Abstract. Spatiotemporal mapping and modeling of Land Surface Temperature (LST) variations and characterization of parameters affecting these variations are of great importance in various environmental studies. The aim of this study is a spatiotemporal modeling the impact of surface characteristics variations on LST variations for the studied area in Samalghan Valley. For this purpose, a set of satellite imagery and meteorological data measured at the synoptic station during 1988–2018, were used. First, single-channel algorithm, Tasseled Cap Transformation (TCT) and Biophysical Composition Index (BCI) were employed to estimate LST and surface biophysical parameters including brightness, greenness and wetness and BCI. Also, spatial modeling was used to modeling of terrain parameters including slope, aspect and local incident angle based on DEM. Finally, the principal component analysis (PCA) and the Partial Least Squares Regression (PLSR) were used to modeling and investigate the impact of surface characteristics variations on LST variations. The results indicated that surface characteristics vary significantly for case study in spatial and temporal dimensions.

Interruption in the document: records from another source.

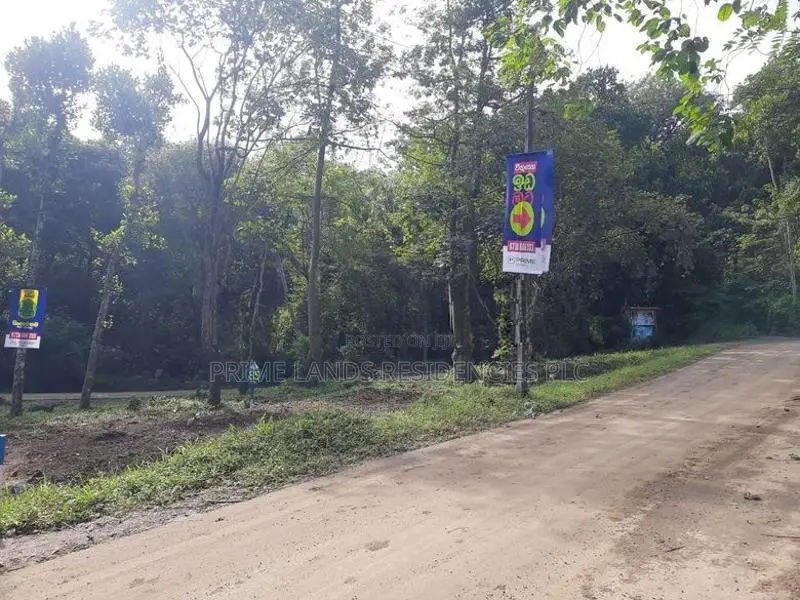 Residential Land for Sale in Sinharagama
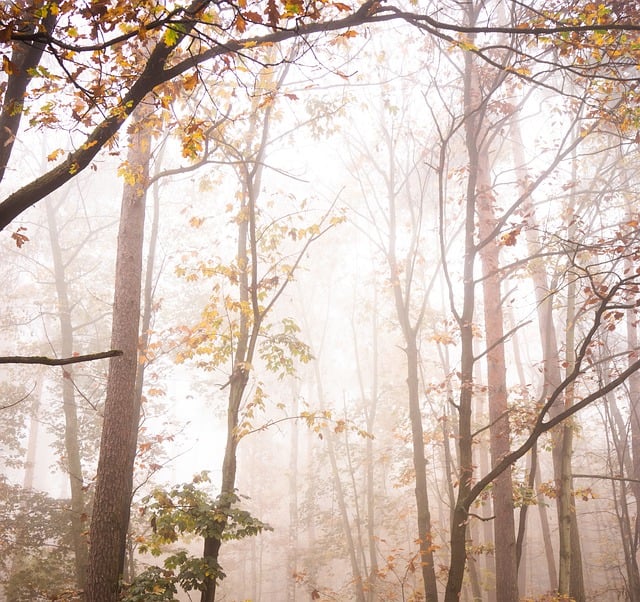 Free download forest trees nature country leaves free picture to be edited with GIMP free online image editor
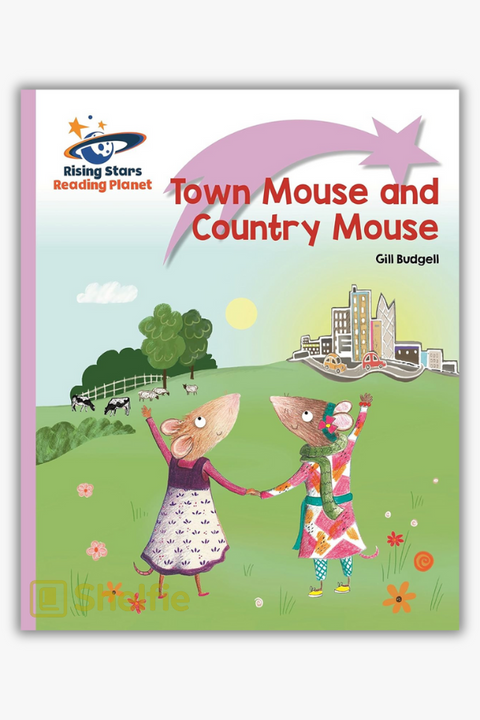 TOWN MOUSE AND COUNTRY MOUSE by Gill Budgell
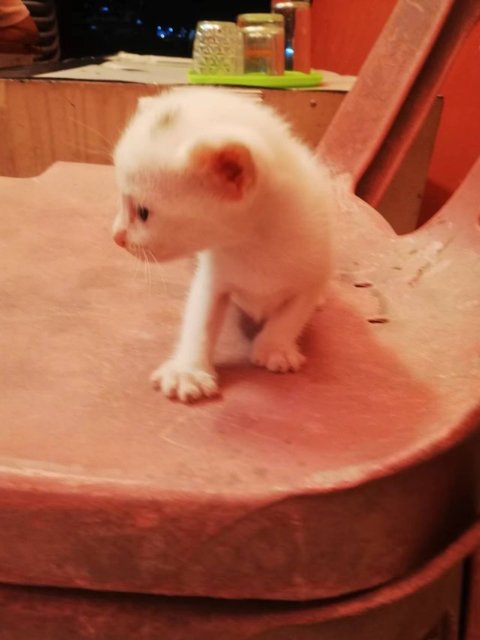 Grey Dot - Turkish Van + Domestic Short Hair Cat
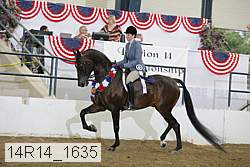 14r14_1635 proof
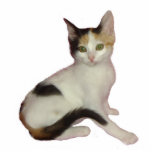 Calico Chat Photo Sculpture<br><div class="desc">Cette sculpture photo d'un chaton calico fait un grand cadeau pour les amoureux de les chats</div>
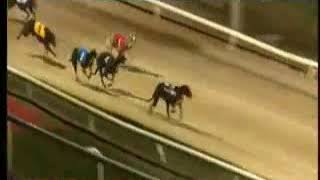 IGB  Christmas Party Nights at Dundalk Stadium A1 24112018 Race 10  Dundalk [upl. by Hepsoj]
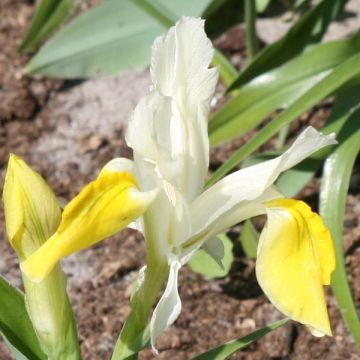 Iris bucharica - Giaggiolo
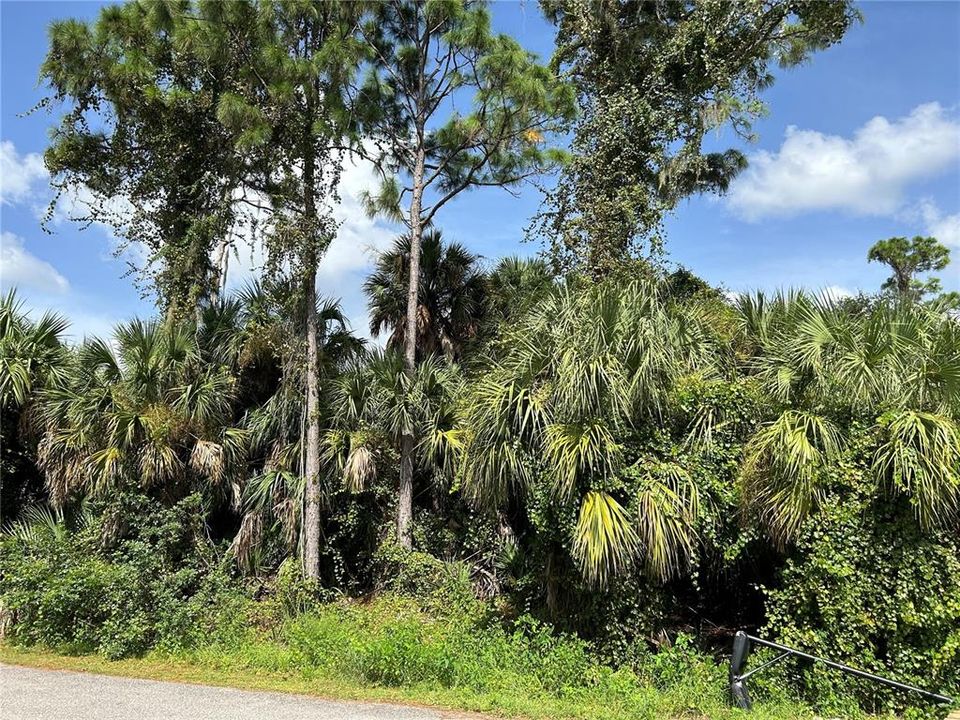 En Venta: $21,234 (0.23 acres)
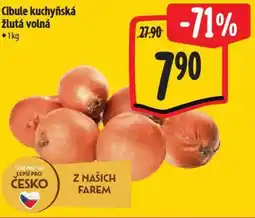 Albert Cibule kuchyňská žlutá volná nabídka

The correlation coefficient between the PC1 of LST and PC1s of brightness, greenness, wetness, BCI, DEM, and solar local incident angle were 0.65, −0.67, −0.56, 0.72, −0.43 and 0.53, respectively. Furthermore, the coefficient coefficient and RMSE between the observed LST variation and modelled LST variation based on PC1s of brightness, greenness, wetness, BCI, DEM, and local incident angle were 0.83 and 0.14, respectively. The results of study indicated the LST variation is a function of s terrain and surface biophysical parameters variations.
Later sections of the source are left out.